# CAR PLATE DETECTOR

My goal was to create an algorithm that would detect license plates on vehicles. As part of my research, I browsed the Kaggle website and selected a dataset with ready-made labels (https://www.kaggle.com/datasets/andrewmvd/car-plate-detection). I downloaded the selected dataset to the Google Colab environment. This requires installing the `opendatasets` library and generating a token (Kaggle.com -> top right corner -> Account -> Create New API Token).

For more information, see: https://blog.roboflow.com/how-to-train-yolov5-on-a-custom-dataset/?ref=ultralytics

**NOTE:** Don't forget to remove emoticons from the first line in files: 
* /content/yolov5/train.py, 
* /content/yolov5/detect.py,
* /content/yolov5/data/hyps/hyp.scratch-... .yaml, 
* /content/yolov5/models/yolov5... .yaml. 

Otherwise Google Colab will raise an error.

In [1]:
!pip install opendatasets

Looking in indexes: https://pypi.org/simple, https://us-python.pkg.dev/colab-wheels/public/simple/
Collecting opendatasets
  Downloading opendatasets-0.1.22-py3-none-any.whl (15 kB)
Installing collected packages: opendatasets
Successfully installed opendatasets-0.1.22


In [14]:
!rm -r /content/sample_data

In [2]:
import opendatasets as od

od.download("https://www.kaggle.com/datasets/andrewmvd/car-plate-detection")

Downloading car-plate-detection.zip to ./car-plate-detection


100%|██████████| 203M/203M [00:01<00:00, 107MB/s]







## PREPRECESS DATASET

The downloaded labels need to be decoded and parsed from XML format into a form for the YOLOv5 network. Then the processed labels and images need to be move to subfolders.

In [6]:
# Preparation of paths for training, test and validation set

import os

ANNOTATIONS = r"/content/car-plate-detection/annotations"
LABEL_DATASET_DIR = r"/content/car-plate-detection/annotations_txt"
IMG_DATASET_DIR = r"/content/car-plate-detection/images"

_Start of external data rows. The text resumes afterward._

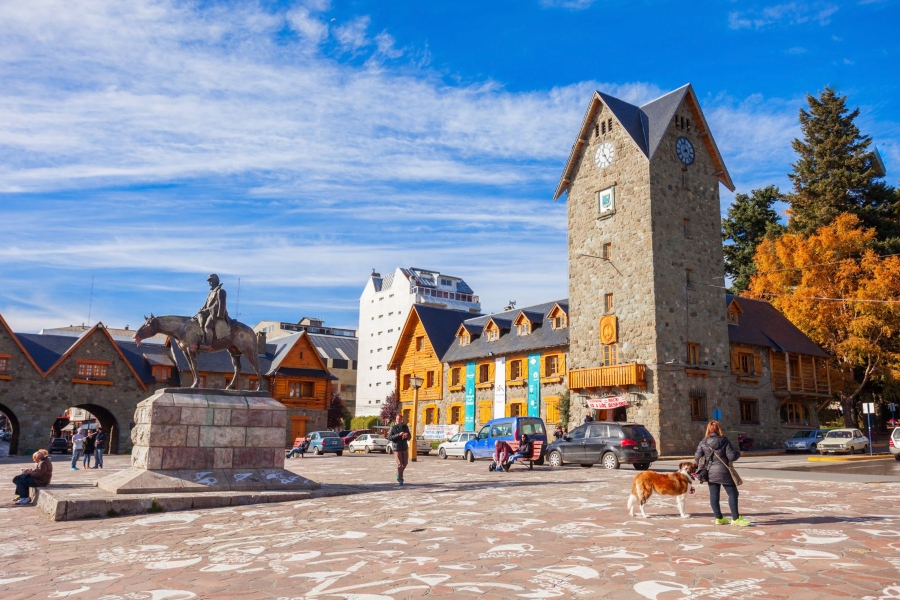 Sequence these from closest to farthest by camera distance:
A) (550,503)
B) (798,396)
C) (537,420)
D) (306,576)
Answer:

DATASET_MAIN_DIR = r"/content/car_plates"
IMAGES_DIR = r"/content/car_plates/images"
LABELS_DIR = r"/content/car_plates/labels"
TRAIN_IMG_DIR = r"/content/car_plates/images/train"
TRAIN_LABEL_DIR = r"/content/car_plates/labels/train"
TEST_IMG_DIR = r"/content/car_plates/images/test"
TEST_LABEL_DIR = r"/content/car_plates/labels/test"
VAL_IMG_DIR = r"/content/car_plates/images/val"
VAL_LABEL_DIR = r"/content/car_plates/labels/val"

LIST_OF_PATHS = [LABEL_DATASET_DIR, DATASET_MAIN_DIR, IMAGES_DIR, LABELS_DIR, 
                 TRAIN_IMG_DIR,  TRAIN_LABEL_DIR, TEST_IMG_DIR, TEST_LABEL_DIR, 
                 VAL_IMG_DIR, VAL_LABEL_DIR]

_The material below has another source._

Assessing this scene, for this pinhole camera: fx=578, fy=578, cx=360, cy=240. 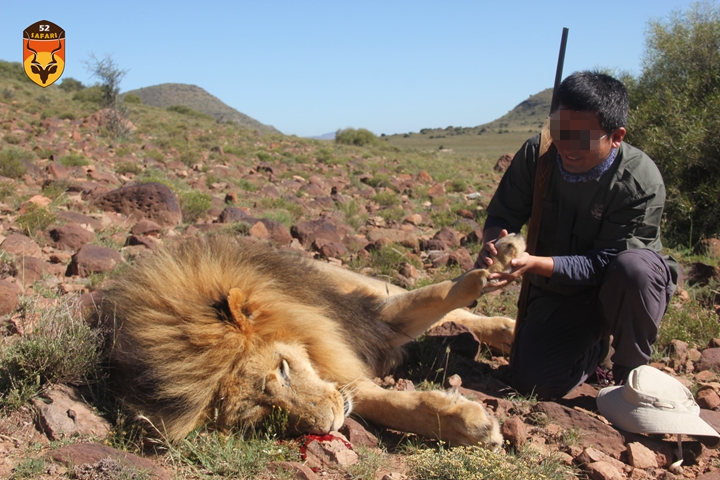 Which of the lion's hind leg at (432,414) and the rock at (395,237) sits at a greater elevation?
the rock at (395,237)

for path in LIST_OF_PATHS:
  if not os.path.exists(path):
    os.mkdir(path)

In [7]:
import xml.etree.ElementTree as ET

def extract_info_from_xml(xml_file: str) -> dict:
  """
  Decodes information from XML file.
  
  Args:
    xml_file (str): path to XML file.
  
  Returns:
    Decoded XML file in the form of a dictionary.
  """
  root = ET.parse(xml_file).getroot()

  # Initialise the info dict
  info_dict = {}
  info_dict['bboxes'] = []

  # Parse the XML Tree
  for elem in root:
    # Get the file name
    if elem.tag == "filename":
      info_dict['filename'] = elem.text

    # Get the image size
    elif elem.tag == "size":
      image_size = []
      for subelem in elem:
        image_size.append(int(subelem.text))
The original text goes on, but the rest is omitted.